Gilfeather nodded but said nothing.
“Proceed,” the judge directed.
“That she would enjoy the journey and that she had not been to Scotland before, so it would be a pleasure in that respect also.”
“Are you familiar with Miss Latterly’s financial position?” Gilfeather asked, his eyebrows raised, his flyaway hair wild where he had pushed his fingers through it.
“No I am not.”
“Are you quite certain?” Gilfeather sounded surprised. “Surely as a friend, a friend with considerable means of your own, you have ascertained from time to time whether she was in need of your assistance or not?”

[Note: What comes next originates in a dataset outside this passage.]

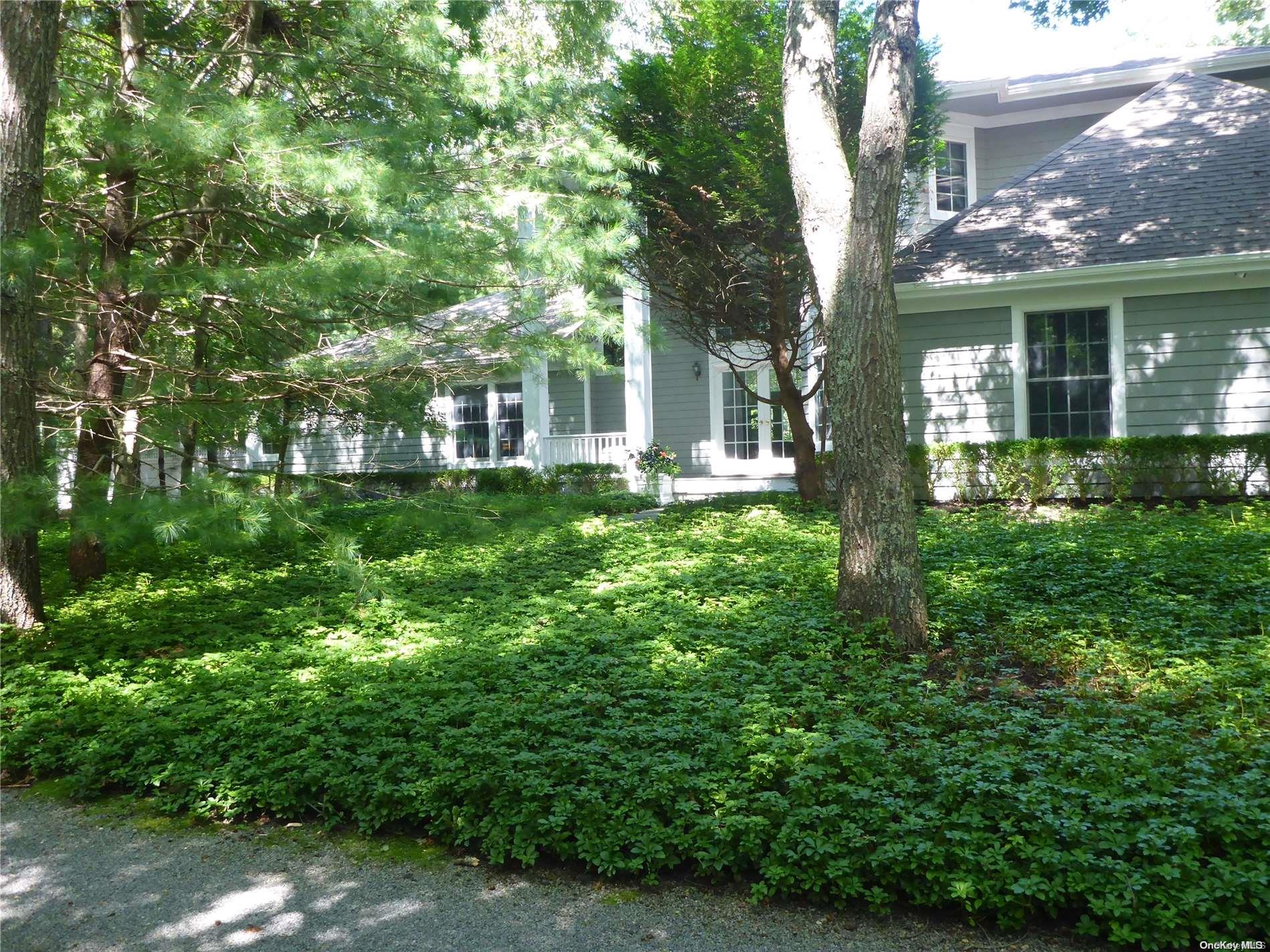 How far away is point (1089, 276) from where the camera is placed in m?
11.6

“No.” Callandra stared back at him, defying him to disbelieve her. “She is a woman of self-respect, and considerable ability to earn her own way. I trust that if she were in difficulty she would feel close enough to me to ask, and I should have noticed for myself. That situation has never arisen. She is not someone to whom money is important, provided she can meet her commitments. She does have a family, you know-who would be perfectly happy to offer her a permanent home, did she wish it. If you are trying to paint a picture of her as desperate to keep body and soul together, you are totally mistaken.”
“I was not,” Gilfeather assured her. “I was thinking of something far less pitiable, and understandable, Lady Callandra, simply greed. A woman without pretty things, who sees a brooch she likes, and in a moment of weakness takes it, then is obliged to conceal her crime by an infinitely worse one.”
“Balderdash!” Callandra said furiously, her face burning with anger and disgust. “Complete tommyrot. You know little of human nature, sir, if you judge her that way, and cannot see that most crimes of murder are committed either by practiced villains or else are within the family. This, I fear, is one of the latter. I am quite aware that it is your professional duty to obtain a conviction, rather than to seek the truth… which is a pity, in my view. But-”
“Madam!” The judge banged his gavel on the bench with a clap like gunfire. “The court will not endure your opinion of the Scottish legal system and what you believe to be its shortcomings. You will answer counsel’s questions simply and add nothing of your own. Mr. Gilfeather, I suggest you endeavor to keep your witness in control, hostile or not!”
“Yes, my lord,” Gilfeather said obediently, but he was not as entirely angry as perhaps he should have been.